1. Getting Started

1.1. Installation

The package can be installed via pip as follows

pip install GasThermo

1.2. Single-Component Examples

1.2.1. Heat Capacity

Determine the temperature dependence of the ideal gas heat capacity, \(C_\text{p}^\text{IG}\) for water

>>> import matplotlib.pyplot as plt
>>> from gasthermo.cp import CpIdealGas
>>> I = CpIdealGas(compound_name='Air', T_min_fit=250., T_max_fit=800., poly_order=3)
>>> I.eval(300.), I.Cp_units
(29.00369, 'J/mol/K')
>>> I.eval(300.)/I.MW
1.001508
>>> # we can then plot and visualize the resutls
>>> fig, ax = I.plot()
>>> fig.savefig('docs/source/air.png')
>>> del I

And we will get something that looks like the following

_images/air.png

and we notice that the polynomial (orange dashed lines) fits the hyperbolic function well.

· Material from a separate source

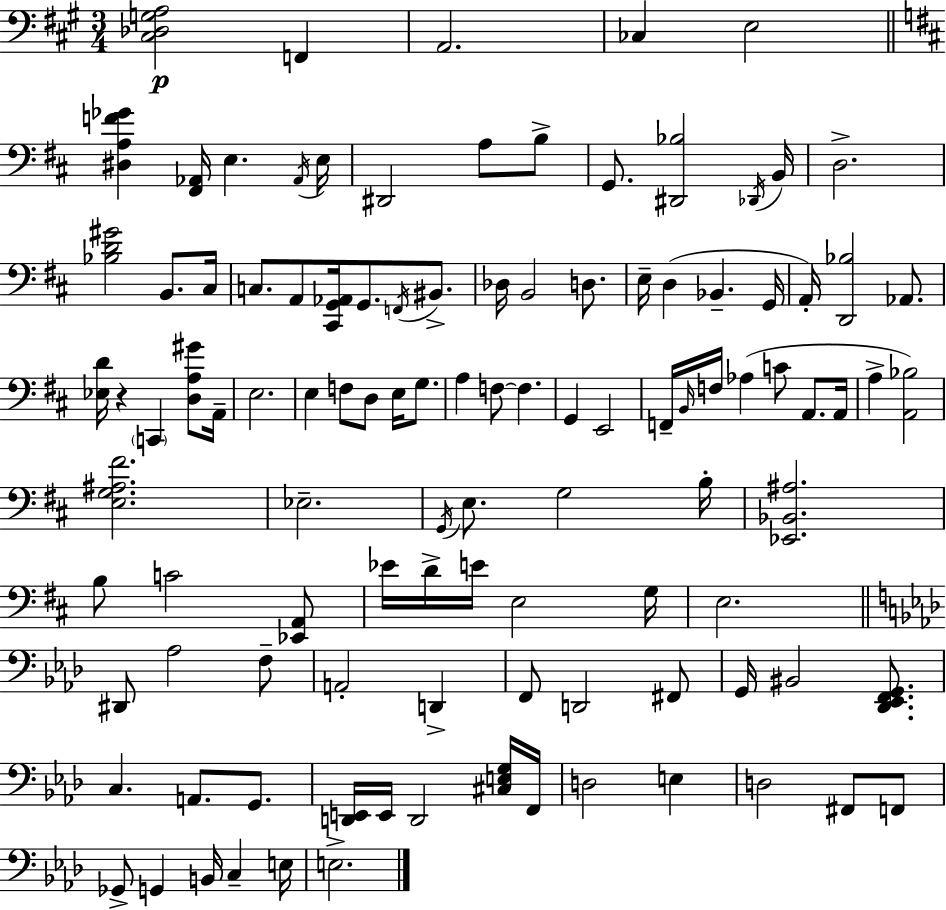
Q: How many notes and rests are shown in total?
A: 108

Automatically tries to raise errors if fit is not good enough:

>>> from gasthermo.cp import CpIdealGas
>>> I = CpIdealGas(compound_name='Methane')
Traceback (most recent call last):
    ...
Exception: Fit is too poor (not in (0.99,1)) too large!
Try using a smaller temperature range for fitting
and/or increasing the number of fitting points and polynomial degree.
See error path in error-*dir

This will lead to an error directory with a figure saved in it that looks like the following:

_images/error_cp.png

Usually, we wont need an accurate function over this entire temperature range. Lets imagine that we are interested instead in a temperature interval between 200 and 600 K. In this case

>>> I = CpIdealGas(compound_name='Methane', T_min_fit=200., T_max_fit=600.)

And then we can save the results to a file

>>> fig = plt.figure()
>>> fig, ax = I.plot(fig=fig)
>>> fig.savefig('docs/source/cp-methane-fixed.png')

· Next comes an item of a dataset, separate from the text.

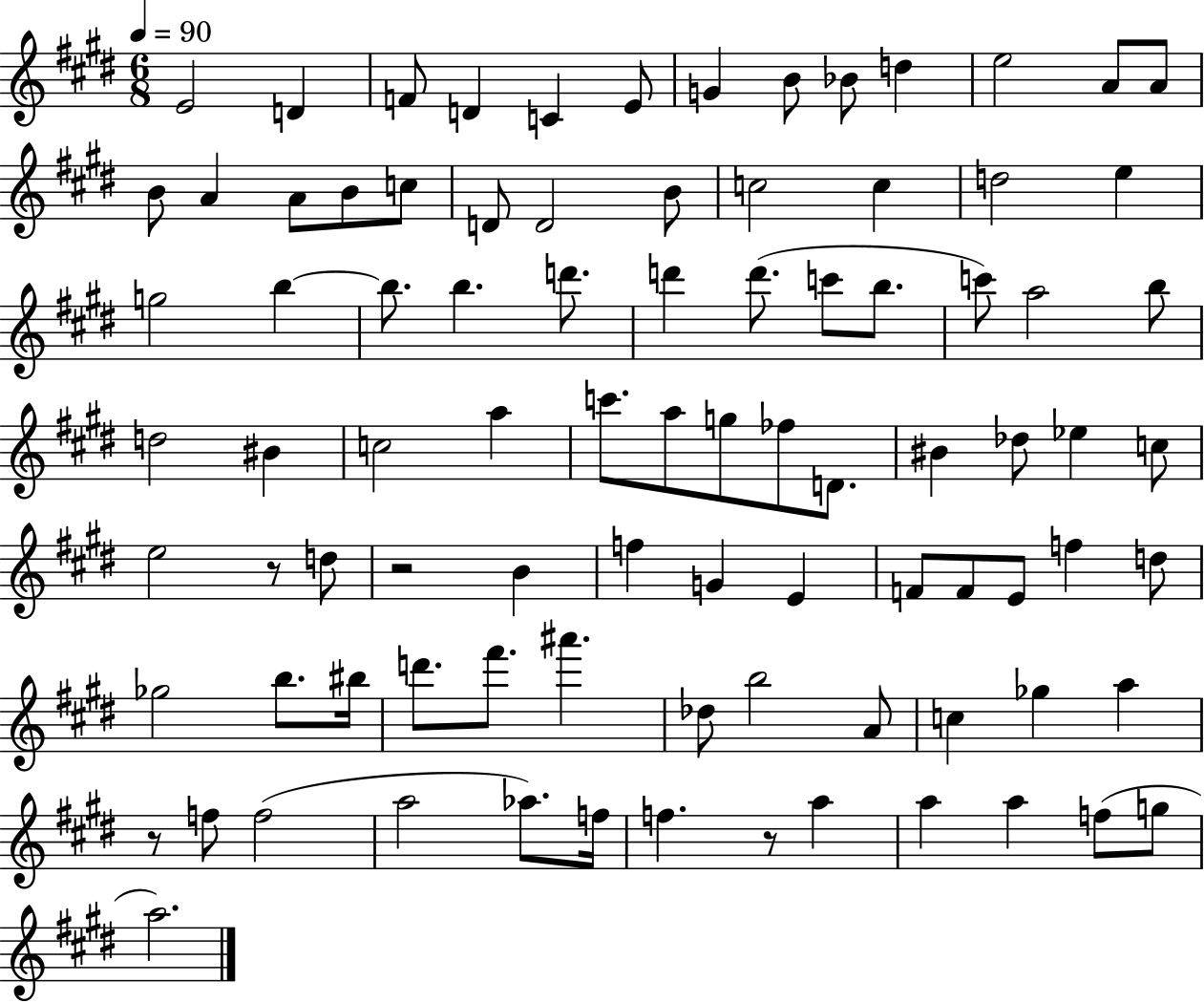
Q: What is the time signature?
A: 6/8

Which leads to a much better fit, as shown below

_images/cp-methane-fixed.png

1.2.2. Cubic Equations of State

>>> from gasthermo.eos.cubic import PengRobinson, RedlichKwong, SoaveRedlichKwong
>>> P = 8e5  # Pa
>>> T = 300. # K
>>> PengRobinson(compound_name='Propane').iterate_to_solve_Z(P=P, T=T)
0.85682
>>> RedlichKwong(compound_name='Propane').iterate_to_solve_Z(P=P, T=T)
0.87124
>>> cls_srk = SoaveRedlichKwong(compound_name='Propane')
>>> Z = cls_srk.iterate_to_solve_Z(P=P, T=T)
>>> Z
0.86528
>>> # calculate residual properties
>>> from chem_util.chem_constants import gas_constant as R
>>> V = Z*R*T/P
>>> cls_srk.S_R_R_expr(P, V, T)
-0.30028
>>> cls_srk.H_R_RT_expr(P, V, T)
-0.42714
>>> cls_srk.G_R_RT_expr(P, V, T) - cls_srk.H_R_RT_expr(P, V, T) + cls_srk.S_R_R_expr(P, V, T)
0.0

1.2.3. Virial Equation of State

>>> from gasthermo.eos.virial import SecondVirial
>>> Iv2 = SecondVirial(compound_name='Propane')
>>> Iv2.calc_Z_from_units(P=8e5, T=300.)
0.87260

1.2.4. Other Utilities

Determine whether a single real root of the cubic equation of state can be used for simple computational implementation. In some regimes, the cubic equation of state only has 1 real root–in this case, the compressibility factor can be obtained easily.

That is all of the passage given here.